WHAT YOU SHOULD DO: Skip the pictures. Output only the lines below starting at the line with "Lapso-De-Tiemp" and ending at the line with "Dowell Intelligent Hypoglycemic Rice Cooker (Category: Cookers)", both ends included, exactly as they are.

═══ DATA SHOWN

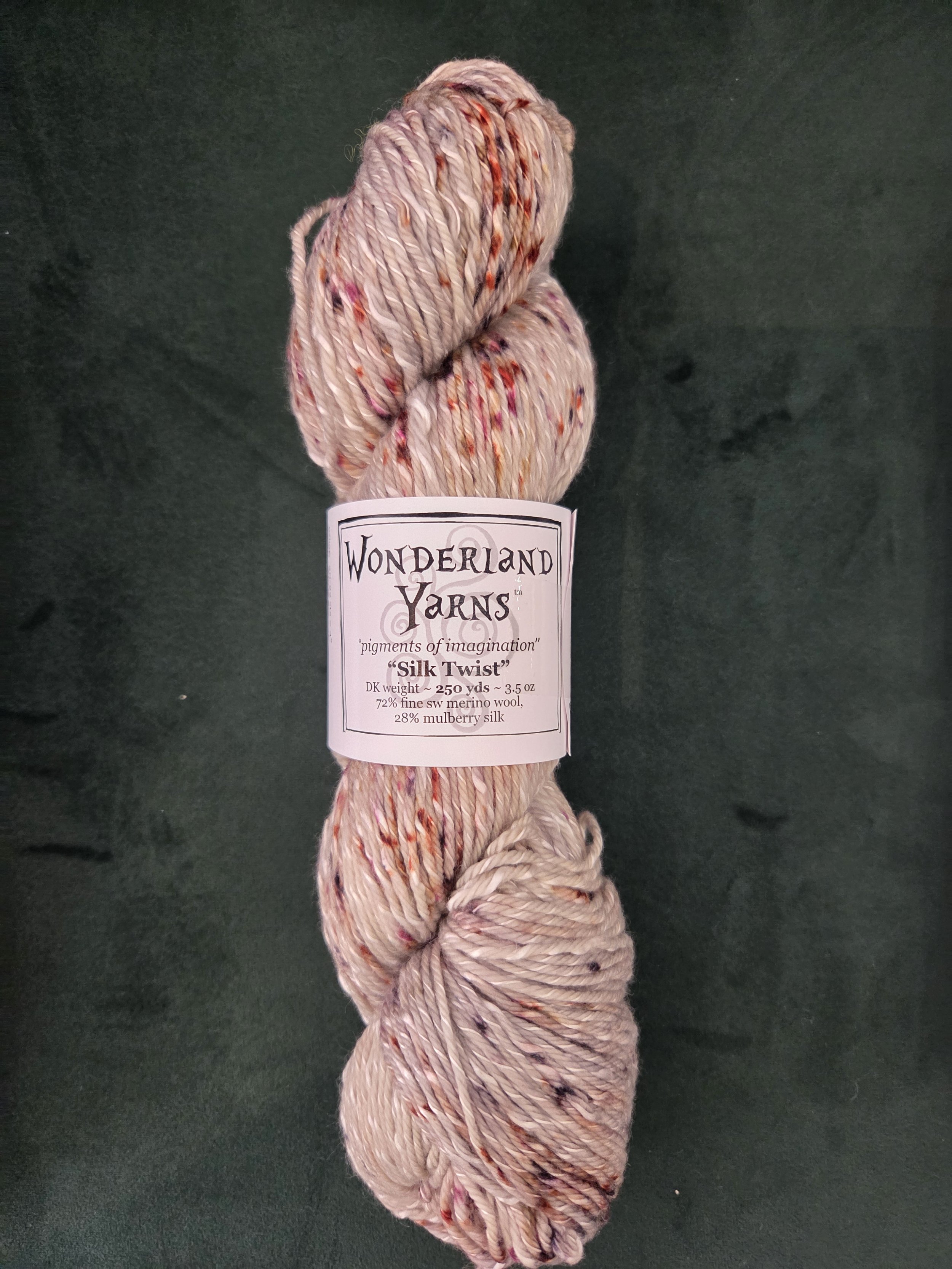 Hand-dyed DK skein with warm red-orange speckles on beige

══════
═══ DATA SHOWN

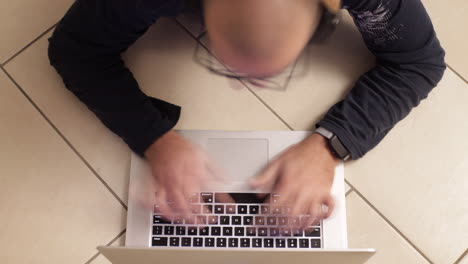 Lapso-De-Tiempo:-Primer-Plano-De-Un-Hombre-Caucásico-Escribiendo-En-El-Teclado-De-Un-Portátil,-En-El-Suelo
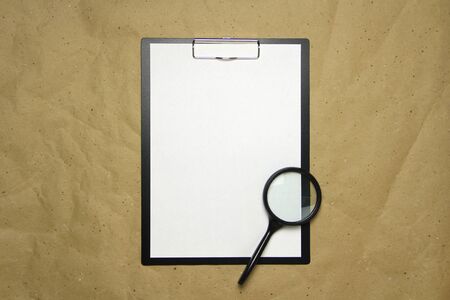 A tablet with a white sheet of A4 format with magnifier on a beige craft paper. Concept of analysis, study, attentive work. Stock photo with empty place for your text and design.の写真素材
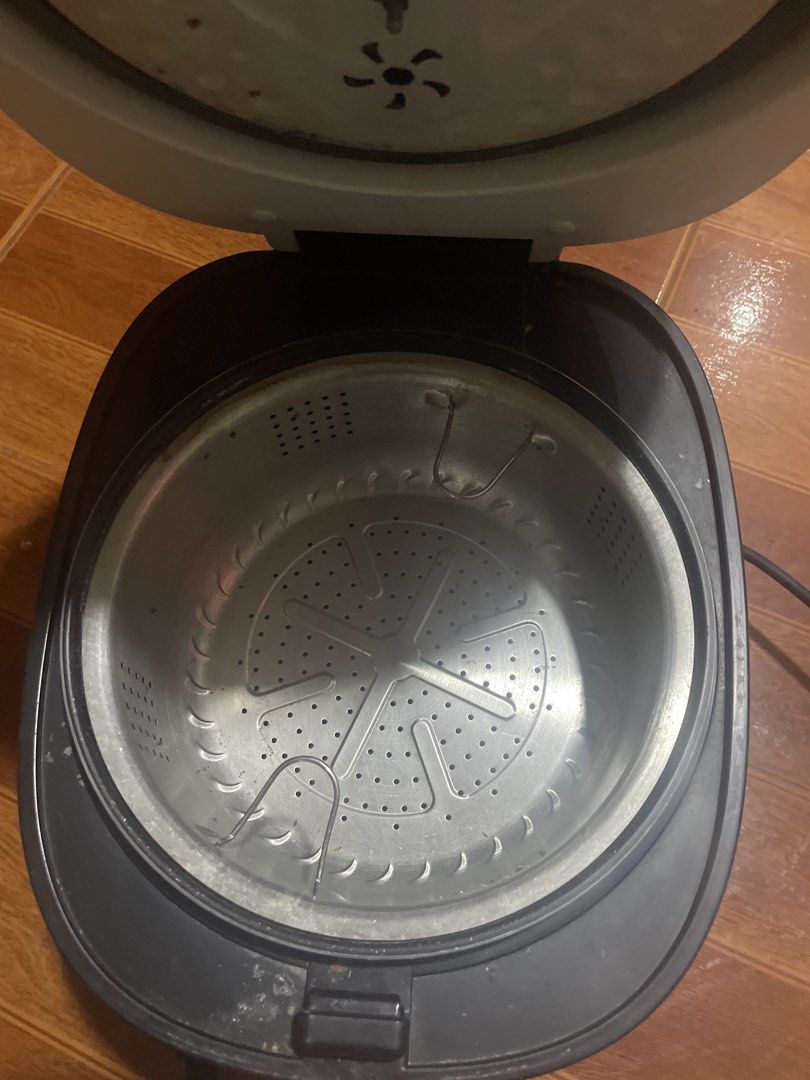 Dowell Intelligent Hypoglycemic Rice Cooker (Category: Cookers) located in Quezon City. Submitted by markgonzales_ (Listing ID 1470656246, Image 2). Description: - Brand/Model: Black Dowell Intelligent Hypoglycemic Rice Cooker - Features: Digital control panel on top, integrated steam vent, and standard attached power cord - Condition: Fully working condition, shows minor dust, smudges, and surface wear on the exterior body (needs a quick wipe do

══════

RESULT:
 Lapso-De-Tiempo:-Primer-Plano-De-Un-Hombre-Caucásico-Escribiendo-En-El-Teclado-De-Un-Portátil,-En-El-Suelo
 A tablet with a white sheet of A4 format with magnifier on a beige craft paper. Concept of analysis, study, attentive work. Stock photo with empty place for your text and design.の写真素材
 Dowell Intelligent Hypoglycemic Rice Cooker (Category: Cookers) located in Quezon City. Submitted by markgonzales_ (Listing ID 1470656246, Image 2). Description: - Brand/Model: Black Dowell Intelligent Hypoglycemic Rice Cooker - Features: Digital control panel on top, integrated steam vent, and standard attached power cord - Condition: Fully working condition, shows minor dust, smudges, and surface wear on the exterior body (needs a quick wipe do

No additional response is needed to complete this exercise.